Garrard has never been an outstanding or even very good quarterback at the NFL level. He had one productive year back in 2007 but could not duplicate that success.
With all of the struggles going on in the Jets organization, and the fact that this franchise's quarterback situation has made them the laughingstock of the NFL, one would think they would target a better option.
The Jets are perfectly fine in cap space—they are $12.6 million under the salary cap—so they could have certainly gone for a better prospect at the quarterback position in free agency. The reasoning in going with Garrard is very difficult to understand.

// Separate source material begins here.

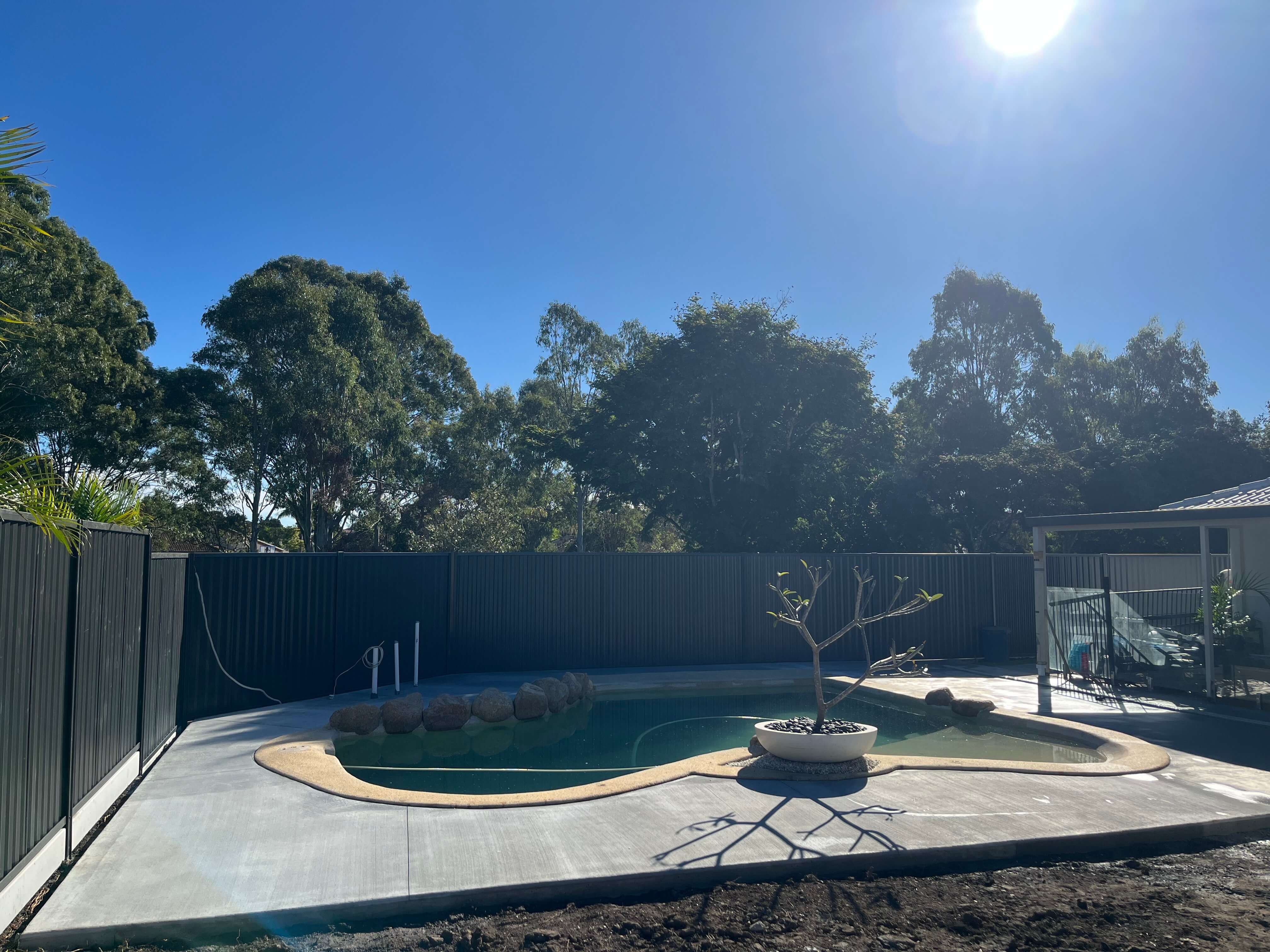 Pool Surround Concrete Brisbane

Quite possibly, the Jets could be thinking that Garrard is more careful with the football than Sanchez and may be able to salvage some games in that regard. But logical thinking implies that Garrard will be a mess under center after being away from the game for so long and with age working against him.
This is yet another move by the Jets that is absolutely mesmerizing and will lead to many more questions throughout the course of the offseason.